Two-photon optics of Bessel-Gaussian modes

TL;DR

This paper develops a theoretical framework for two-photon quantum optics involving Bessel-Gaussian modes, demonstrating control over orbital angular momentum spectra and bandwidth through radial mode parameters, with experimental validation.

Contribution

It introduces a general theory for the OAM spectrum and Schmidt number of Bessel-Gaussian modes in quantum optics, and experimentally verifies the control over quantum correlations and mode bandwidth.

Findings

Theoretical expression for OAM spectrum and Schmidt number derived.

Experimental confirmation of spectrum flattening and increased bandwidth.

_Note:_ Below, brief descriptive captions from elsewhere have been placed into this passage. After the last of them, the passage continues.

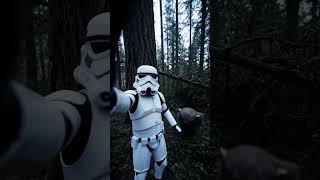 Stormtrooper vs. Furry Bounty Hunter: A Survival Guide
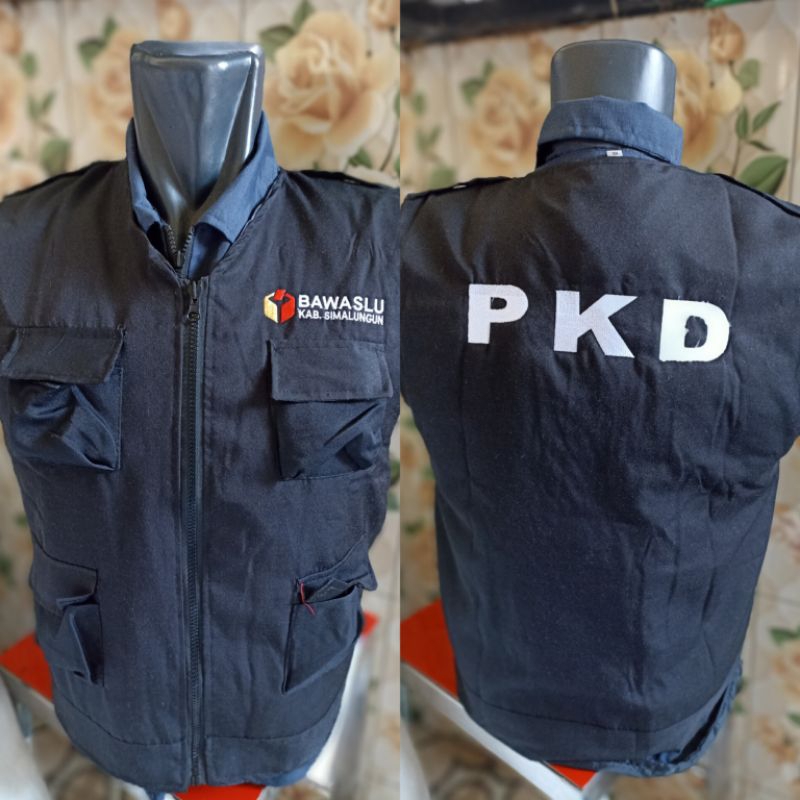 Jual rompi pkd hitam | Shopee Indonesia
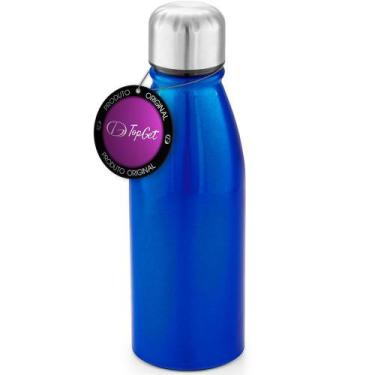 Imagem de Squeeze Alumínio 500 ml Wave TopGet, Azul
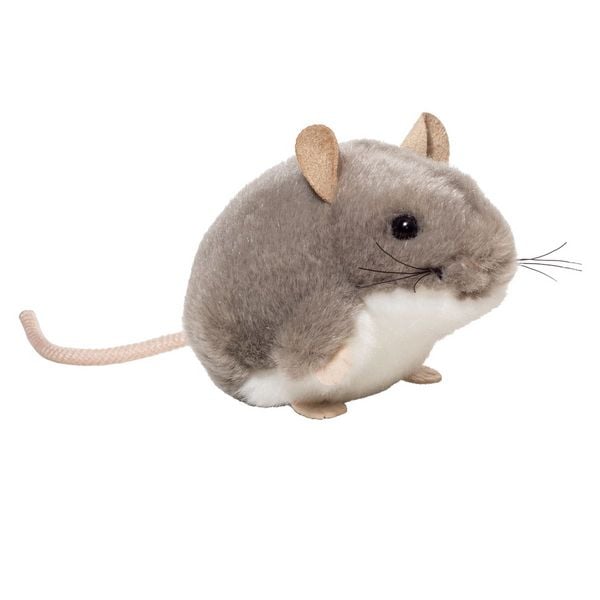 Produktbild: Teddy Hermann 92657 - Maus, grau, 9 cm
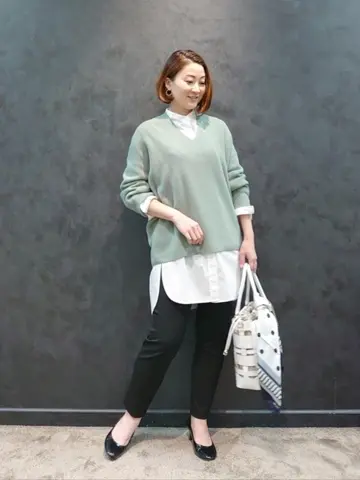 23区 新井田 コーディネート画像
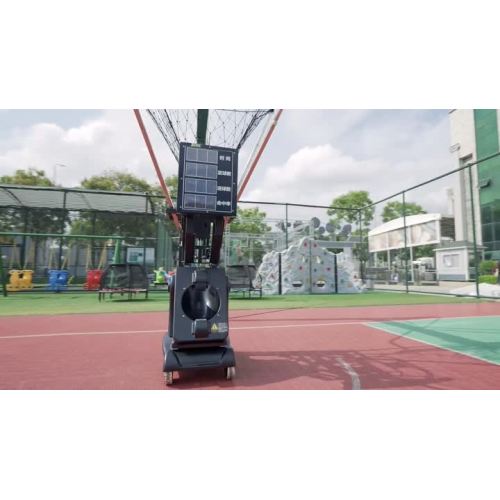 K2100A intelligent basketball shooting machine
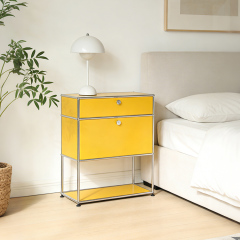 Storage Cabinet-Yellow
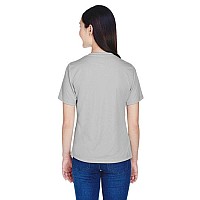 Ladies Zone Performance T-Shirt - WHITE - XS(D0102H7N1LP)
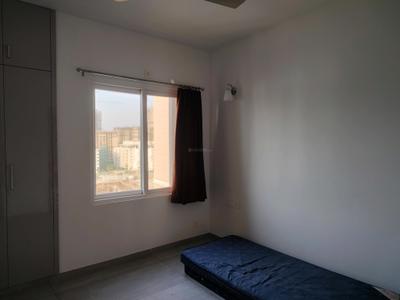 Bedroom Image of 1085 Sq.ft 2 BHK Apartment / Flat for rent in ACE Parkway, Sector 150 Noida for Rs. 33000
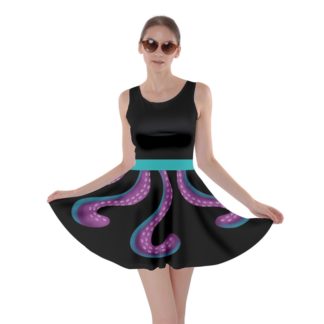 Ursula Tentacle Plus Size Dress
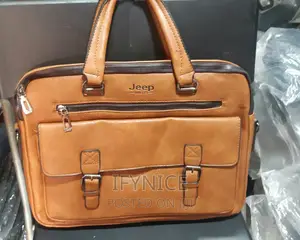 Jeep Leather Bag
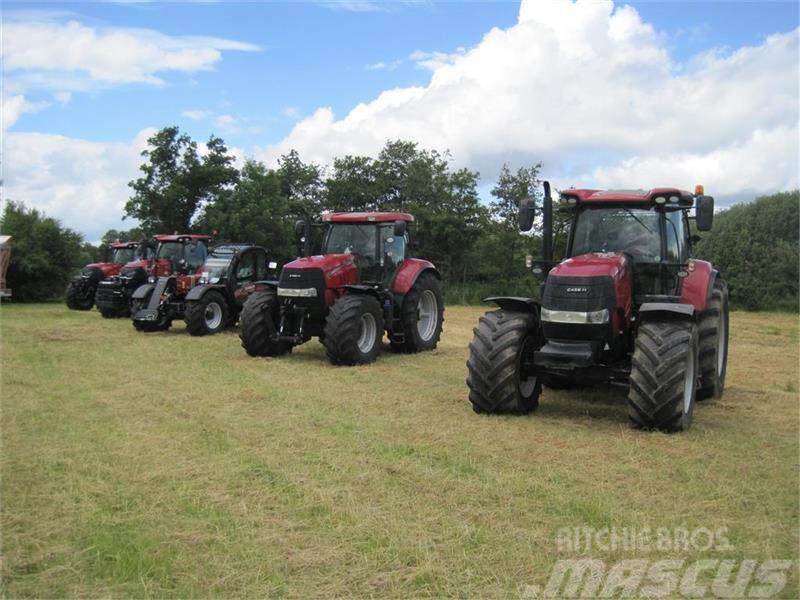 Case IH Puma Farmlift Høsttilbud klar til levering Traktori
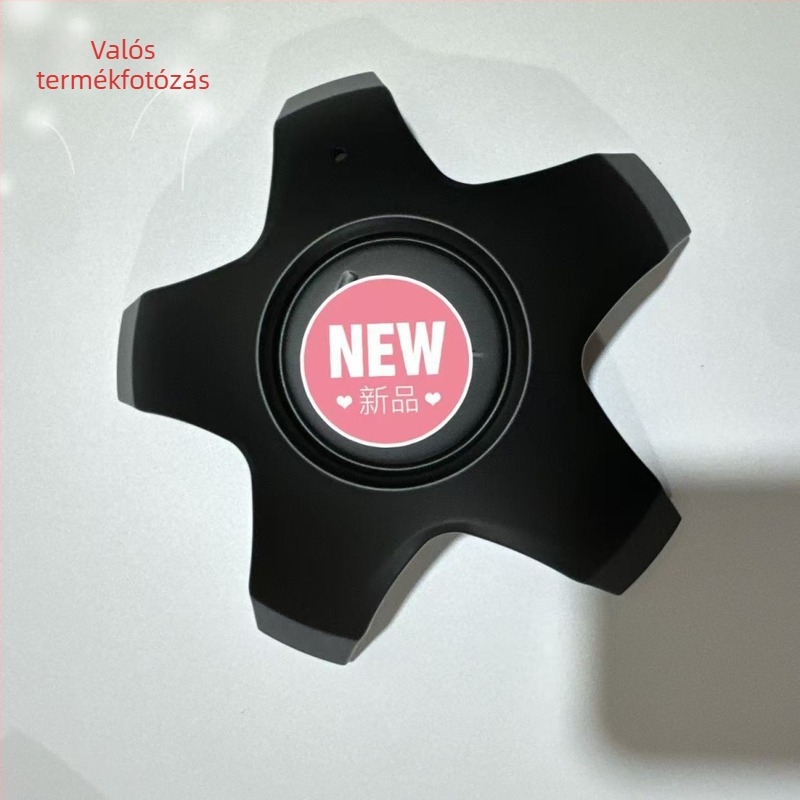 Tesla kerékagyfedő Model 3, Model Y, Model X és Model S számára — műanyag, ötkaros dizájn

Control over quantum state dimensionality demonstrated.

Abstract

In this paper we consider geometrical two-photon optics of Bessel-Gaussian modes generated in spontaneous parametric down-conversion of a Gaussian pump beam. We provide a general theoretical expression for the orbital angular momentum (OAM) spectrum and Schmidt number in this basis and show how this may be varied by control over the radial degree of freedom, a continuous parameter in Bessel-Gaussian modes. As a test we first implement a back-projection technique to classically predict, by experiment, the quantum correlations for Bessel-Gaussian modes produced by three holographic masks, a blazed axicon, binary axicon and a binary Bessel function. We then proceed to test the theory on the down-converted photons using the binary Bessel mask. We experimentally quantify the number of usable OAM modes and confirm the theoretical prediction of a flattening in the OAM spectrum and a concomitant increase in the OAM bandwidth. The results have implications for the control of dimensionality in quantum states.